= DESCRIPTION OF THE TASK =
Beginning with the line that contains "large male lion walking clipa - Lion Clipart", retype the entries below exactly, ending with the line that contains "18K Gold Copper". Leave out any pictures.

= PROVIDED INFORMATION =
══════

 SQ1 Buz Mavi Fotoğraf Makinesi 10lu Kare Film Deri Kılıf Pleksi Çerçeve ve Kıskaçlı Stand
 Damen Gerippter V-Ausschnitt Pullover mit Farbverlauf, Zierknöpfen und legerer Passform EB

══════

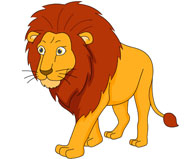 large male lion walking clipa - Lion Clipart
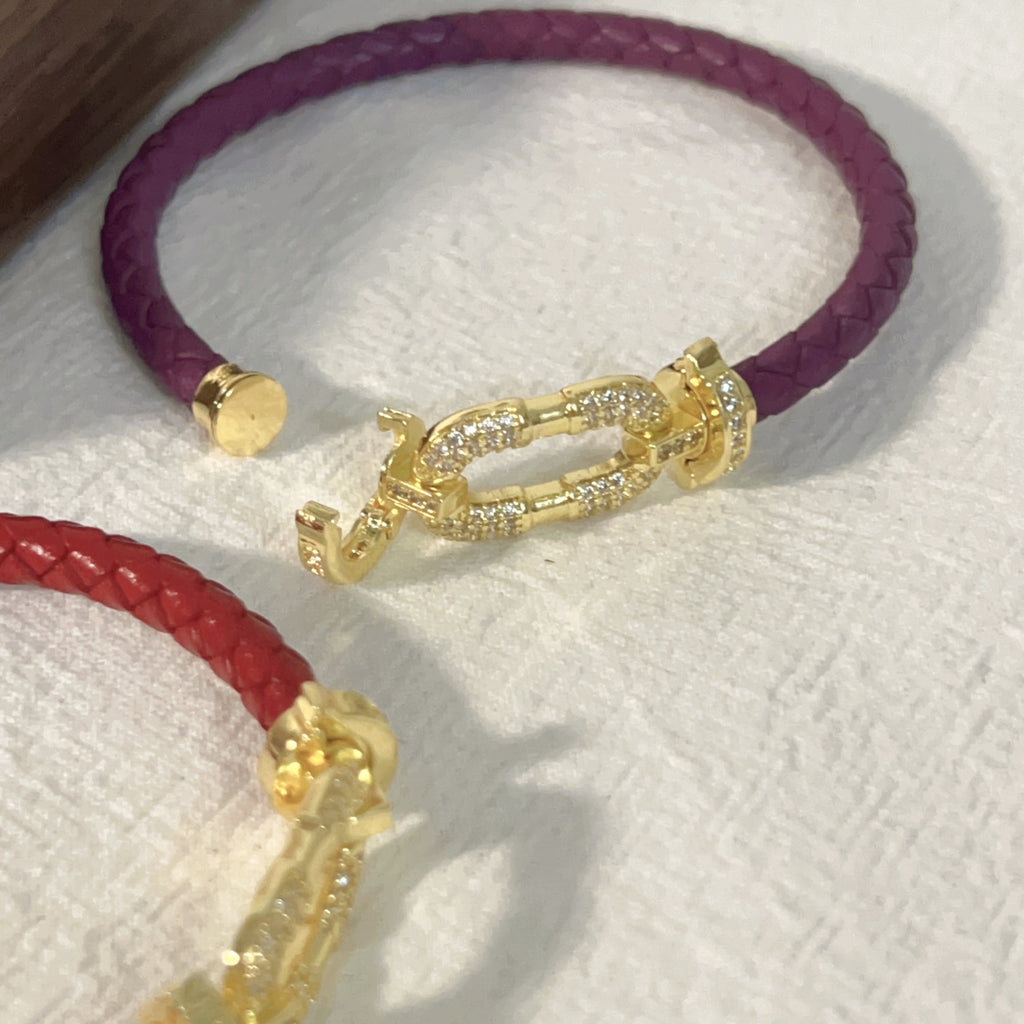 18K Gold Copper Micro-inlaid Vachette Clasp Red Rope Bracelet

══════

= SOLUTION FOR THIS PROBLEM =
 large male lion walking clipa - Lion Clipart
 18K Gold Copper Micro-inlaid Vachette Clasp Red Rope Bracelet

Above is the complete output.